Of course, software supply-chain attacks don’t impact just server-type applications that are deployed on a limited number of systems. In 2017, hackers managed to compromise the infrastructure of CCleaner, a system optimization and clean-up tool and delivered a Trojanized update to 2.2 million computers belonging to both consumers and companies. The second-stage payload was only delivered to a limited number of high-value targets that included tech companies. That same year, Microsoft reported an attack where hackers compromised the update mechanism for a third-party editing tool used by enterprises. These are the type of products that can be widely deployed on workstations and employee laptops inside an organization.
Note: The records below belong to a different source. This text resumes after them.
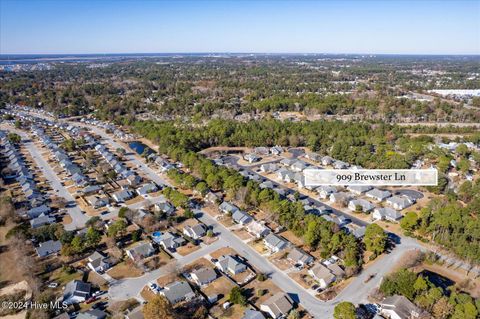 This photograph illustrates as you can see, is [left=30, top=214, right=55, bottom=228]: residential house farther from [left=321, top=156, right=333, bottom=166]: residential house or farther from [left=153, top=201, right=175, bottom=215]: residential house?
[left=321, top=156, right=333, bottom=166]: residential house

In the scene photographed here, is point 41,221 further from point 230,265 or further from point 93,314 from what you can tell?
point 230,265

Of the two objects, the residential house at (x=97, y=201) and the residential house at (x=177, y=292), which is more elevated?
the residential house at (x=97, y=201)

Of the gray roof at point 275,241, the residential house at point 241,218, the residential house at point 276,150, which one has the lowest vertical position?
the gray roof at point 275,241

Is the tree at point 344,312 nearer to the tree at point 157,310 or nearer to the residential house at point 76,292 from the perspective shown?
the tree at point 157,310

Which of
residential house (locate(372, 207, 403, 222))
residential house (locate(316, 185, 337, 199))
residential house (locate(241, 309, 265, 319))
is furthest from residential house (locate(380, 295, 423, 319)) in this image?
residential house (locate(316, 185, 337, 199))

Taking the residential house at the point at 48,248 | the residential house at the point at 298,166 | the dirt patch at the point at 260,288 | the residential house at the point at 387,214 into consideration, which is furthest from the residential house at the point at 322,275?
the residential house at the point at 298,166

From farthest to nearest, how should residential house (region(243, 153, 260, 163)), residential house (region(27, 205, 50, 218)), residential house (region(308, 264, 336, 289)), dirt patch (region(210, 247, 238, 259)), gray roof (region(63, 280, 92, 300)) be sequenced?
1. residential house (region(243, 153, 260, 163))
2. residential house (region(27, 205, 50, 218))
3. dirt patch (region(210, 247, 238, 259))
4. residential house (region(308, 264, 336, 289))
5. gray roof (region(63, 280, 92, 300)) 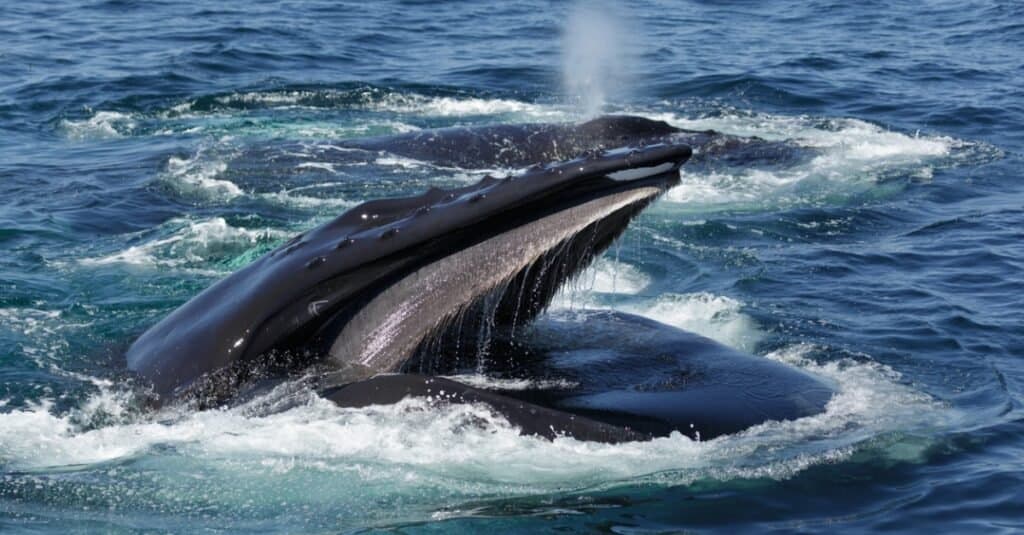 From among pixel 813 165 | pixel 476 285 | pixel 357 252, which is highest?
pixel 357 252

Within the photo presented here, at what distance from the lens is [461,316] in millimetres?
7211

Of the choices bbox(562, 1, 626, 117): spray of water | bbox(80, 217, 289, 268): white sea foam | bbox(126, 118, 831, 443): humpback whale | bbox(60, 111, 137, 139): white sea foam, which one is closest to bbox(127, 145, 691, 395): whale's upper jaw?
bbox(126, 118, 831, 443): humpback whale

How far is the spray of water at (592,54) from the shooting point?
26.5 meters

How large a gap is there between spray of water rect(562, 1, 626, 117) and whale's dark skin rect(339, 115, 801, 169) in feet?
15.5

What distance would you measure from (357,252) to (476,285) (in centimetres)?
59

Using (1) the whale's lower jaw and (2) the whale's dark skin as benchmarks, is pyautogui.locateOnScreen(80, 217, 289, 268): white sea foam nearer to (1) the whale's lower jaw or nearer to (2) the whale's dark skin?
(2) the whale's dark skin

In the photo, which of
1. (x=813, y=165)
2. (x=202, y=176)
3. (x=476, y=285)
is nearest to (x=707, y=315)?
(x=476, y=285)

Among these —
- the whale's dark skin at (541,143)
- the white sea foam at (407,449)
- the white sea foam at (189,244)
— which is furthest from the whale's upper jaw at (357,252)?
the whale's dark skin at (541,143)

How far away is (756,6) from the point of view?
36.7 meters

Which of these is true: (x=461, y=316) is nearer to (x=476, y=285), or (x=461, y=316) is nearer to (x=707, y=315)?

However, there is no single product or technique that will be able to completely detect and block software supply-chain attacks because these attacks exploit the legitimate privileges that installed applications have on computers and their update distribution channels. Going back to the days where software updates were not deployed for months or years leaving systems vulnerable to publicly known exploits is not a solution either.
Another problem is that many companies don’t have up-to-date software and IT asset inventories to know which applications are running on which computers on their network at all times. This is especially true now, with many employees working from home and from their own devices that are allowed to connect to corporate networks. Even with up-to-date configuration management databases (CMDBs), building an allow list of software update servers for all possible applications that exist on a network is impossible because software vendors don’t openly publish this information. Even if they do, their domain names and IP addresses change frequently.
Companies have to start addressing this problem somewhere and focusing on high-risk applications and servers that should otherwise have fairly limited outbound connections to the internet sounds like a good place to start.
“Your first step is creating that asset list and then you can apply research, like what we’ve done here, around detecting supply chain attacks using something like JA3S,” Kovar says. “You can start broadly, and we point out in the paper that you can just run this and you’ll get results immediately. But you’re not going to have the granularity and accuracy unless you have a bit of a whitelist, or a lot less, rather, of exactly what those assets are that you’re trying to defend …. So, in this case, we’re saying: ‘Hey, look specifically at these things that you want to see the output or the changes of rather than everything on your network.’ Do you have an asset inventory of all your SolarWind hosts? That’s what we’re going to be looking at, rather than the 20,000 different systems on your network.”